Le législateur entend souligner à nouveau la spécificité des deux droits dans la nouvelle loi sur le droit des biens. En d’autres termes, dans le cas de l’emphytéose, l’accent est mis sur l’usage et la jouissance du bien d’autrui, tandis que le droit de superficie est essentiellement un droit de construction. Autrement dit, le droit de superficie a pour finalité l’acquisition d’ouvrages déjà existants ou la réalisation d’ouvrages au sens large sur le terrain d’autrui ou en dessous.

Pour que le choix entre les deux droits soit effectué en fonction de la finalité de chacun d’eux, la durée maximale du droit de superficie est portée à 99 ans, de sorte qu’il n’existe plus de distinction entre les deux droits sur ce plan.

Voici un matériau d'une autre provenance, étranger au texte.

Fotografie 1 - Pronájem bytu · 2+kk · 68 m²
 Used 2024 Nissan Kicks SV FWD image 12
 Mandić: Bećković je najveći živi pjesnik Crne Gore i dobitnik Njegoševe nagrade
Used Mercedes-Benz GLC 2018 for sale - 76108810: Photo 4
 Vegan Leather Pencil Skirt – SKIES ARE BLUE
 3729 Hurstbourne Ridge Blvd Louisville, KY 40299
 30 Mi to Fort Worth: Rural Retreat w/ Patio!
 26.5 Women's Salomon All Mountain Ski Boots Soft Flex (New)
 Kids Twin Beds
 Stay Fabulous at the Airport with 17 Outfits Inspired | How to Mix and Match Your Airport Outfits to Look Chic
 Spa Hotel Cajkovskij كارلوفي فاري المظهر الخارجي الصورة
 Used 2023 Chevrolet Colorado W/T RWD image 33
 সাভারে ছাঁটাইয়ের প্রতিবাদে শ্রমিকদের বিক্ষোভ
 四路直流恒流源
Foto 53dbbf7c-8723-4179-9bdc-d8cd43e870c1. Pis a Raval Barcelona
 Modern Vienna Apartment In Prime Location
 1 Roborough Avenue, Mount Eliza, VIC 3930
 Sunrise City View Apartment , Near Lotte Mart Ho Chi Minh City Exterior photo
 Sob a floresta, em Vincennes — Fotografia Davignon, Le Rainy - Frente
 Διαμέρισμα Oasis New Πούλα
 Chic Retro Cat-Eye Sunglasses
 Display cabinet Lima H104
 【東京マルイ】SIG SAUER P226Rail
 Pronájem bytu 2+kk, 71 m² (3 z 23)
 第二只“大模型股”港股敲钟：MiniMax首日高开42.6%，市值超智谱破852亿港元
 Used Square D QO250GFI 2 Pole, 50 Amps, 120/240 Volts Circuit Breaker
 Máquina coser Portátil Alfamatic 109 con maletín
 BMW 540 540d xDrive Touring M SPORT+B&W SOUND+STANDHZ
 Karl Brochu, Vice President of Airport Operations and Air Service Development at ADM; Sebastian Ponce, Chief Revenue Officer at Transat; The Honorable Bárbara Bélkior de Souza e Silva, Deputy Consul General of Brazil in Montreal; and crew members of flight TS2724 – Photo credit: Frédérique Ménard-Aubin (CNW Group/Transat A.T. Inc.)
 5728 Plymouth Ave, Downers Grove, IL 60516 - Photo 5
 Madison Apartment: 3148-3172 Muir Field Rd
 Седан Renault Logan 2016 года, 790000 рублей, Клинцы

Selon la nouvelle loi, le droit de superficie peut être perpétuel lorsque et tant qu’il est constitué par le propriétaire du fonds : (1) soit à des fins de domanialité publique, (2) soit pour permettre la division en volumes d’un ‘ensemble immobilier complexe et hétérogène comportant plusieurs volumes susceptibles d’usage autonome et divers qui ne présentent entre eux aucune partie commune’. Le but est que les parties à de tels projets (caractérisés par l’absence ou le nombre limité de parties communes) ne soient plus obligées de se soumettre ‘artificiellement’ au régime de la copropriété forcée d’immeubles ou de groupes d’immeubles lorsqu’elles souhaitent réaliser une division verticale perpétuelle de la propriété.

Il faut nuancer quelque peu le caractère ‘perpétuel’ d’un tel droit de superficie, en ce sens que si un droit de superficie perpétuel existe depuis au moins 99 ans, le juge peut ordonner sa levée lorsque ce droit a perdu toute utilité, même future ou potentielle.

Il est donc préférable de porter un regard critique sur vos constructions immobilières existantes à la faveur de la nouvelle législation, afin de déterminer s’il vaut la peine de procéder à des adaptations. En outre, lorsque vous souhaitez mettre en place une nouvelle construction, il est souhaitable de se pencher sur les différentes nouvelles possibilités.

 

[1] Le livre 5 ‘Les obligations’ est encore à l’état de proposition de loi. Il a déjà été soumis à la Chambre, mais n’a toujours pas été approuvé à l’heure actuelle.

[2] La loi du 13 avril 2019 portant création d’un Code civil et y insérant un livre 8 ‘La preuve’ a été publiée le 14 mai 2019 au Moniteur belge. Le livre 8 est entré en vigueur le 1er novembre 2020.